Sable uses Vitest as its test runner and React Testing Library for component tests. Tests run in a jsdom environment and coverage is collected via V8.


Running tests

# Watch mode — reruns affected tests on file save (recommended during development)
pnpm test

# Single run — equivalent to what CI runs
pnpm test:run

# With browser UI (interactive results viewer)
pnpm test:ui

# With coverage report
pnpm test:coverage

Coverage reports are written to coverage/. Open coverage/index.html in your browser for the full HTML report.


Writing tests

Where to put test files

Place test files next to the source file they cover, with a .test.ts or .test.tsx suffix:

src/app/utils/colorMXID.ts
src/app/utils/colorMXID.test.ts

src/app/features/room/RoomTimeline.tsx
src/app/features/room/RoomTimeline.test.tsx

Testing plain utility functions

For pure functions in src/app/utils/, no special setup is needed — just import and assert:

import { describe, it, expect } from 'vitest';
import { bytesToSize } from './common';

describe('bytesToSize', () => {
  it('converts bytes to KB', () => {
    expect(bytesToSize(1500)).toBe('1.5 KB');
  });
});

Testing React components

Use @testing-library/react to render components inside the jsdom environment. Query by accessible role/text rather than CSS classes or implementation details:

import { describe, it, expect } from 'vitest';
import { render, screen } from '@testing-library/react';
import userEvent from '@testing-library/user-event';
import { MyButton } from './MyButton';

describe('MyButton', () => {
  it('calls onClick when pressed', async () => {
    const user = userEvent.setup();
    const onClick = vi.fn();

    render(<MyButton onClick={onClick}>Click me</MyButton>);

    await user.click(screen.getByRole('button', { name: 'Click me' }));

    expect(onClick).toHaveBeenCalledOnce();
  });
});

Testing hooks

Use renderHook from @testing-library/react:

import { describe, it, expect } from 'vitest';
import { renderHook, act } from '@testing-library/react';
import { useMyHook } from './useMyHook';

describe('useMyHook', () => {
  it('returns the expected initial value', () => {
    const { result } = renderHook(() => useMyHook());
    expect(result.current.value).toBe(0);
  });
});

Mocking

Vitest has Jest-compatible mocking APIs:

import { vi } from 'vitest';

// Mock a module
vi.mock('./someModule', () => ({ doThing: vi.fn(() => 'mocked') }));

// Spy on a method
const spy = vi.spyOn(console, 'error').mockImplementation(() => {});

// Restore after test
afterEach(() => vi.restoreAllMocks());

Path aliases

All the project's path aliases work inside tests — you can import using $utils/, $components/, $features/, etc., just like in application code.


What to test

Not every file needs tests.
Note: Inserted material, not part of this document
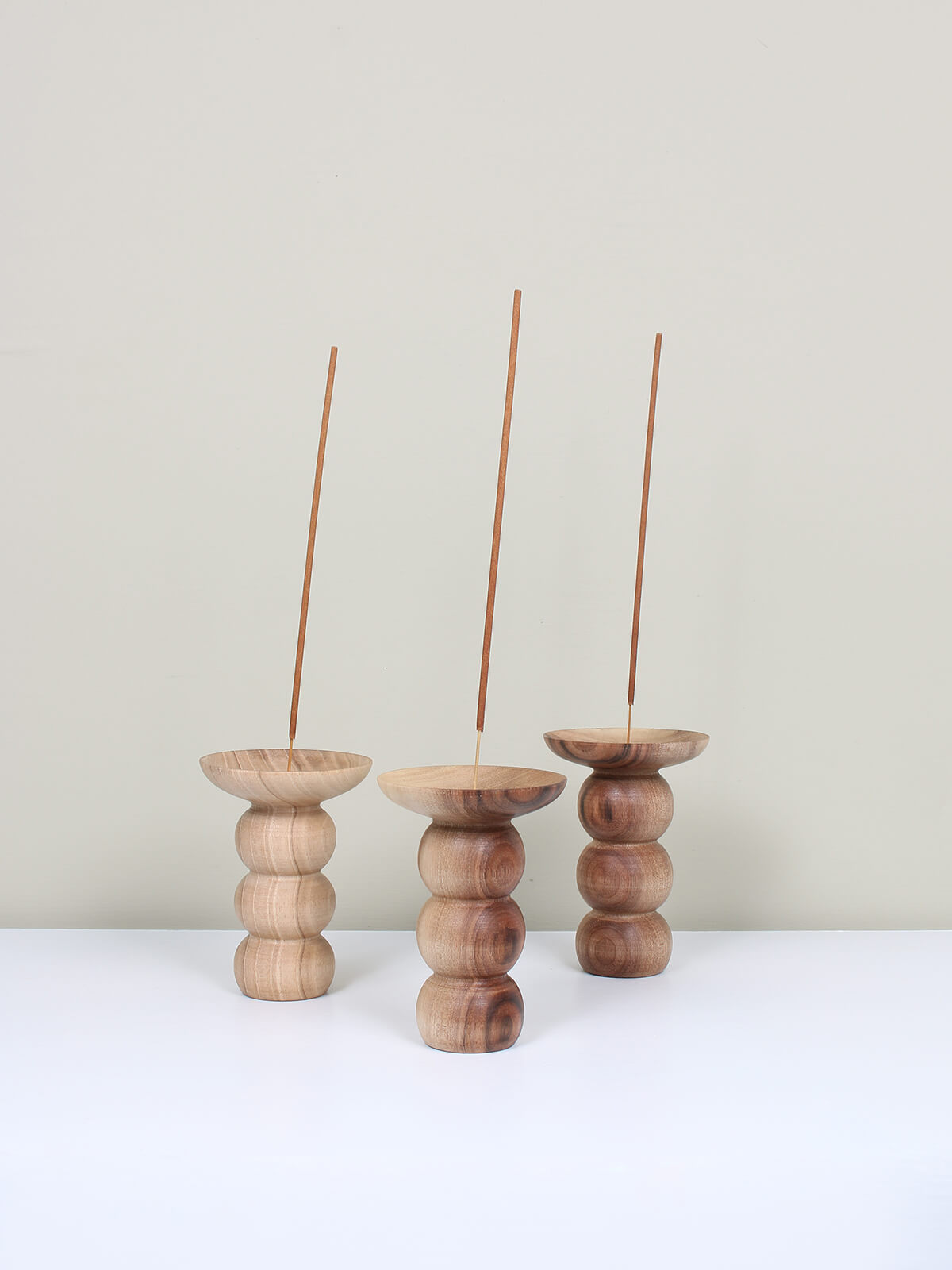 Premium Walnut Wood Incense Holder with Bubble Design - Handcrafted Aromatherapy Accessory for Meditation, Yoga, and Home Decor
Focus on logic that would be painful to debug when broken:

Worth testing Less valuable
Pure utility functions (src/app/utils/) Purely presentational components with no logic
Custom hooks with non-trivial state transitions Thin wrappers around third-party APIs
State atoms and reducers Generated or declarative config
Data transformation / formatting functions

When you fix a bug, consider adding a regression test that would have caught it — the description in the test is useful documentation.


CI

pnpm test:run is part of the required quality checks and runs on every pull request alongside lint, typecheck, and knip. A PR with failing tests cannot be merged.